Board Turnover Means Low Engagement

Turnover on the board is another issue. Just as the organization is trying to get everything organized, several board members leave. That means starting from scratch again to build the board. When you have a large board, it’s less of an issue; but for small boards, this can be devastating. Keeping members engaged and excited about the organization’s mission and purpose, and making sure each understands how they can contribute to further those become critical to reducing board turnover.

Getting the right people on the board who are willing to commit for at least one year, to recruit their replacement, and also do the hands-on work needed, is critical for smaller organizations. It’s easy to try to just fill seats, but if you can’t get people to show up, it becomes frustrating and more work for those who do. The organization just can’t move forward.

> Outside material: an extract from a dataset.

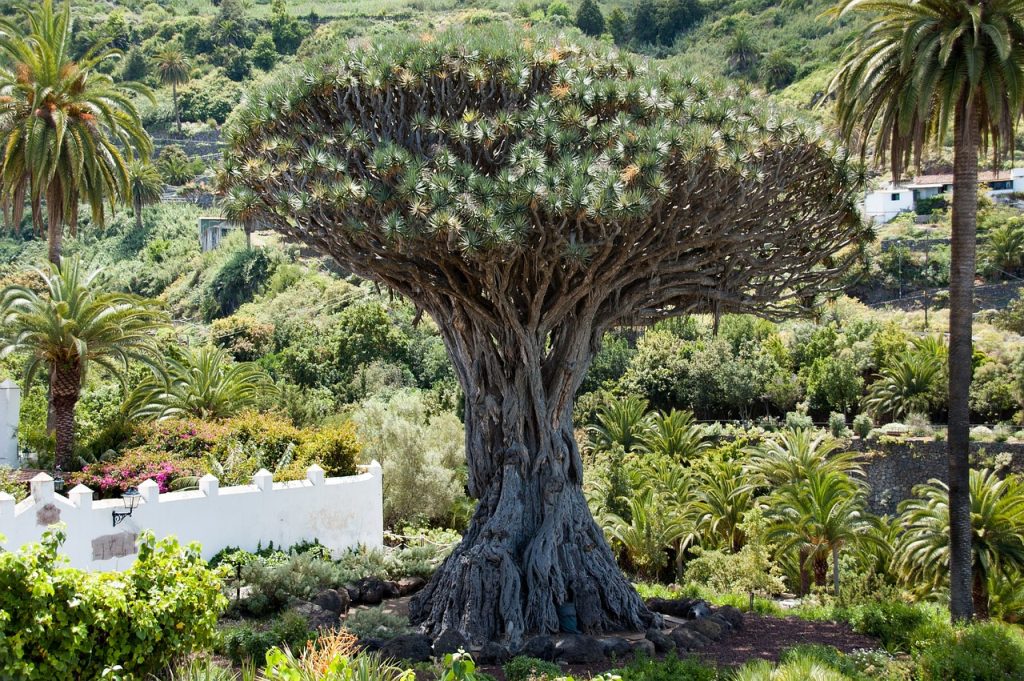 Bezoek de drakenboom in Icod de Los Vinos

Here are 7 tips for ensuring you get the right people on board and getting organized:

  1. Identify the skill sets you need. Before you ask someone to join the board, carefully evaluate what skills you need. At minimum, an organization needs someone skilled at finances and accounting (treasurer position), a marketing person, an organized leader (perhaps to take the role of president or vice president), and someone skilled at digital marketing to handle email communications, website updates, and social media promotion. A fund raiser who is skilled at asking for donations and managing grant writers. A Board Secretary to document the activities and decisions made by the board.
  2. Look for a cross section of ages, talents, and experience. You want people on the board who span the ages from late 20s to 70s. This way you get the different generational perspectives. You also want people with differing levels of experience and talents so you can match the needs to their skill sets, interests and professions.
  3. Ask board members to choose the areas they want to support. Not everyone is good with numbers or comfortable updating websites. Make sure each board member has the opportunity to contribute according to their preferred skillsets. You will get better engagement because they will be doing what they like, not just what needs to be done.
  4. Interview candidates beforehand. Have two people interview prospective candidates and write up reports on the results. This gives you two perspectives when presenting the candidates to the rest of the board. Have a frank discussion at a board meeting about the candidates before you invite them to join the board. Make sure you have consensus first so when they do show up for the formal board meeting and induction, it’s mostly a formality. You will have done your homework ahead of time.
  5. Follow the Bylaws. Keep the Bylaws updated, and make sure everyone understands their contents. When members don’t show up for the minimum number of required meetings as stated in the Bylaws, invite them to leave the board. This is becoming more and more critical with increased oversight of non-profits by US Federal regulators.
  6. Establish an Executive Committee. Even if your board is small (fewer than 9 people), you can set up an Executive Committee, perhaps 3-4 people. This committee acts on behalf of the board and enables the organization to get business done and move the organization forward even when a quorum is not present. Your Bylaws will dictate the extent of authority this committee has. It’s essential in order to do business – especially if your board meetings are not satisfying quorum requirements.
  7. Create a calendar of regular board meetings one year in advance. By doing this, there’s no excuse about not knowing about the board meeting. Schedule the board meetings and get them on a calendar that is shared with everyone. They don’t need to be monthly; they just need to be on the calendar and communicated to all.

Hopefully, these will provide smaller organizations some structure to follow to help them build their boards more successfully and grow their organizations.